Ferdy Sambo dan Putri Candrawathi Resmi Tahanan Kejagung

Editor : Sudianto Pane

obstruction of justice kasus Brigadir J resmi menjadi tahanan Kejaksaan Agung. (Arsip Kejaksaan Agung)
Seluruh tersangka pembunuhan berencana dan obstruction of justice kasus Brigadir J resmi menjadi tahanan Kejaksaan Agung. (Arsip Kejaksaan Agung)
Want create site? With Free visual composer you can do it easy.

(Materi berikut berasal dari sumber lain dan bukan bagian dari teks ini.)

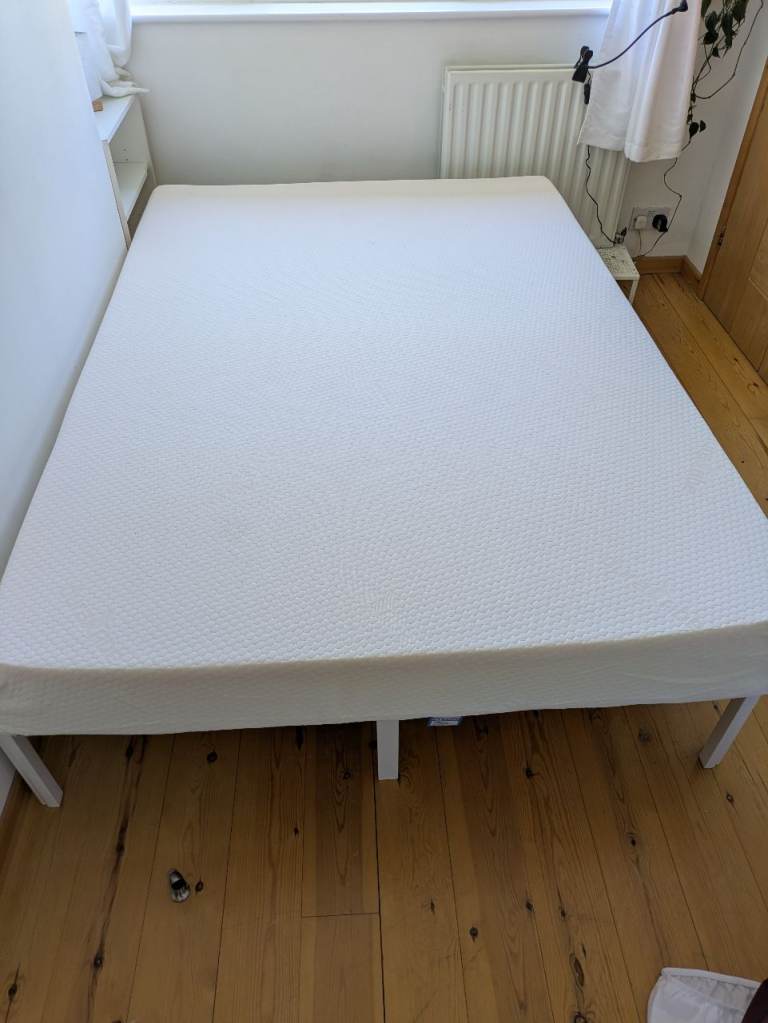 Large double bed with new mattress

SURYAKEPRI.COM – Seluruh tersangka pembunuhan berencana dan obstruction of justice di kasus Brigadir Nofriansyah Yosua Hutabarat atau Brigadir J resmi menjadi tahanan Kejaksaan Agung (Kejagung) usai dilimpahkan penyidik Bareskrim Polri.

Kelima tersangka pembunuhan berencana dan tujuh tersangka obstruction of justice kini sudah mengenakan rompi berwarna merah milik Kejagung.

Ferdy Sambo beserta Putri Candrawathi tercatat lebih dahulu meninggalkan kawasan Kejagung pada pukul 12.57 WIB. Sambo dibawa menuju Rumah Tahanan Mako Brimob dengan menggunakan kendaraan taktis.

.Baca : Kejagung: Ferdy Sambo Ditahan di Mako Brimob, Putri di Rutan Salemba

Putri Candrawathi hanya ditampilkan sebentar kepada awak media sebelum dikeluarkan lewat pintu lainnya. Kejagung saat ini menempatkan Putri di Rutan Salemba, Jakarta Pusat.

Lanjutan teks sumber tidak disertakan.